Futurist and scifi novelist David Brin suggested this one. It’s kind of a mash-up between Steve Mann’s sousveillance and Jamais Cascio’s Participatory Panopticon, and a furtherance of his own Transparent Society concept. Brin describes it as: “reciprocal vision and supervision, combining surveillance with aggressively effective sousveillance
Folks are rightfully worried about surveillance powers that expand every day. Cameras grow quicker, better, smaller, more numerous and mobile at a rate much faster than Moore’s Law (i.e. Brin’s corollary). Liberals foresee Big Brother arising from an oligarchy and faceless corporations, while conservatives fret that Orwellian masters will take over from academia and faceless bureaucrats. Which fear has some validity? All of the above. While millions take Orwell’s warning seriously, the normal reflex is to whine: “Stoplooking at us!” It cannot work. But what if, instead of whining, we all looked back? Countering surveillance with aggressively effective sousveillance — or scrutiny from below? Say by having citizen-access cameras in the camera control rooms, letting us watch the watchers?
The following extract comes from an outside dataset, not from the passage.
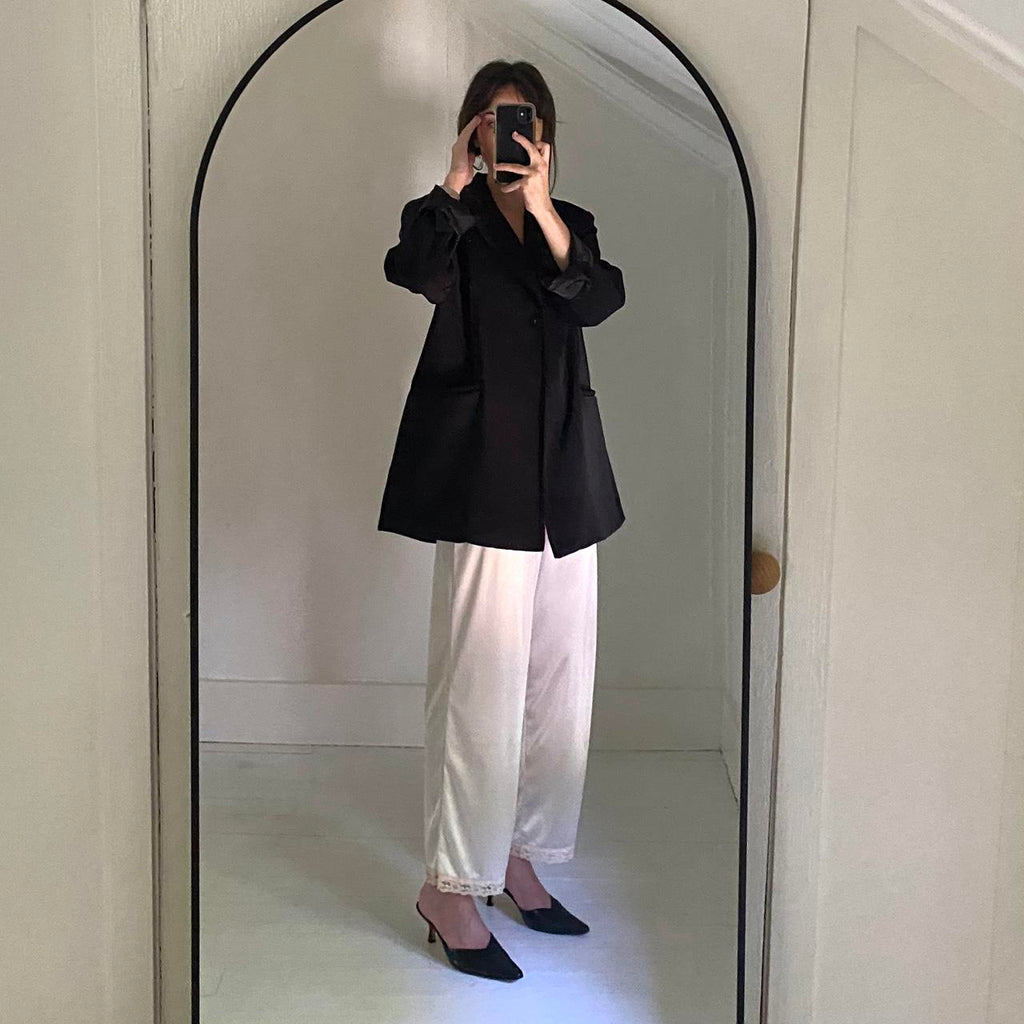 Vanity Fair Vintage 60s Satin Lace Trim Slip Pants Size 7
A method for the resistance function:
Sous-veillance (Monitor from Below)
Sousveillance focuses on enhancing the ability of people to access and collect data about their surveillance and to neutralize surveillance. As a form of personal space protection, it resonates with Gary Marx’s (2003) proposal to resist surveillance through non-compliance and interference ‘moves’ that block, distort,mask, refuse, and counter-surveil the collection of information.
Sous-veillance and reflectionism seek to increase the equality between surveiller and the person being surveilled (surveillee), including enabling the surveillee to surveil the surveiller.